Dell’adeguamento alla normativa statale sulla doppia preferenza si sta parlando però da tempo e non sono bastate le sollecitazioni di uomini e donne, non è bastata la diffida da parte del Governo per far attuare una legge promulgata dallo Stato nel 2016.
Tutto questo non è bastato, si è aspettato l’ultimo momento utile per poi dare comunque uno schiaffo all’equilibrio di genere nell’accesso alle cariche rappresentative, principio garantito e tutelato dalla Costituzione.
La doppia faccia della stessa medaglia: da una parte la destra con i suoi 2.000 emendamenti, dall’altra un Presidente di Regione che in quattro anni non è riuscito a rendere operativa la legge sulla doppia preferenza di genere anche qui in Puglia. Una sconfitta clamorosa non solo di tutto l’emiciclo ma anche dei diritti ed in particolare di quelli delle donne.
Ancora più clamoroso è stato il motivo della scelta di non proseguire oltre annunciata dal capogruppo PD: quello dell’approvazione di un emendamento dell’opposizione che non avrebbe permesso la candidatura di Pierluigi Lopalco tra le fila dei sostenitori del Presidente uscente.
Facendo cadere il numero legale, non permettendo l’approvazione del pacchetto di norme sulla preferenza di genere, si è salvata la candidatura dell’epidemiologo. Un doppio schiaffo. Ora come già preannunciato dalla diffida entrerà in gioco il Governo che applicherà i suoi poteri sostitutivi rendendo finalmente la doppia preferenza di genere realtà anche in Puglia, farà quello che il Consiglio non è riuscito a fare in ben 4 anni.
Allo stato delle cose si capisce come sia tempo di un cambio di rotta, come questo Consiglio non rappresenti più un tessuto sociale fatto di donne capaci e competenti, di donne che possono e devono far sentire la loro voce anche nei luoghi della politica istituzionale e delle decisioni.
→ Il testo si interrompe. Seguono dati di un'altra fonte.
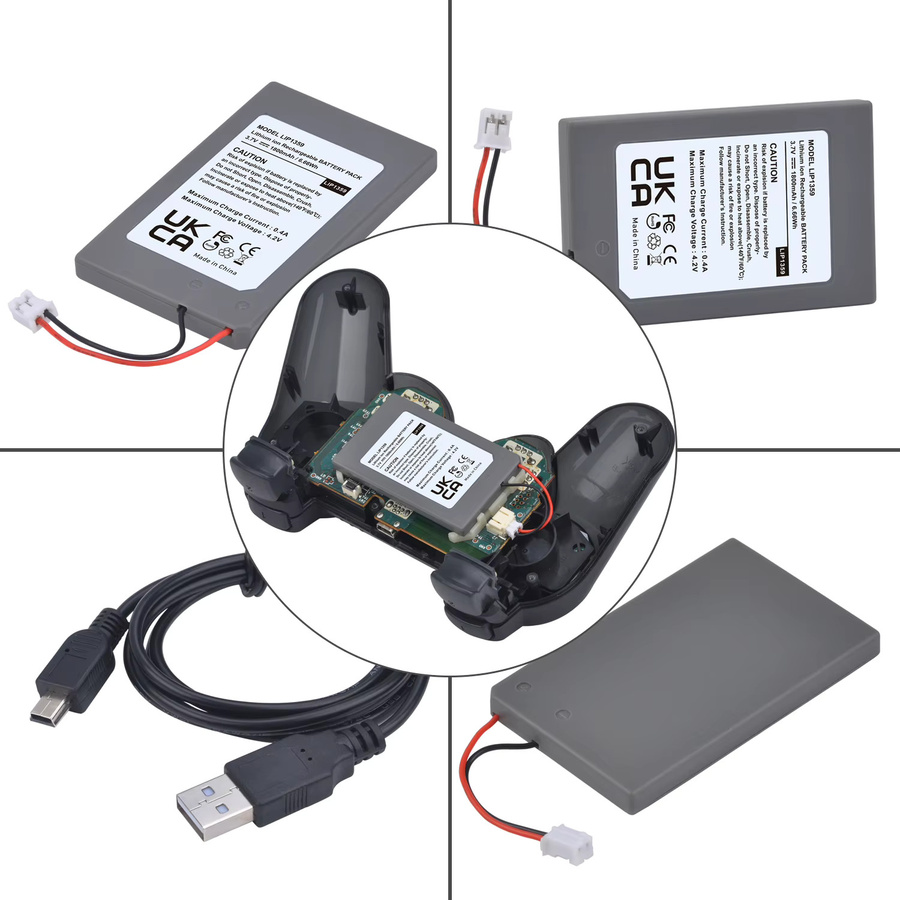 Batmax Akku LIP1359 für Sony PlayStation 3 PS3 Dualshock 3 Bluetooth-Controller, 1800mAh, Grau - Bild 3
Non basta prendersi la responsabilità dopo anni di inerzia, non basta lo squallido scarica barili tra maggioranza e opposizione, non basta dire che la parità di genere è fondamentale ma poi non mettercela tutta per applicarla anche sacrificando qualche interesse personale e non. La possibilità di voltare pagina c’è e ne abbiamo assoluta necessità, ricordiamocelo quando andremo a votare.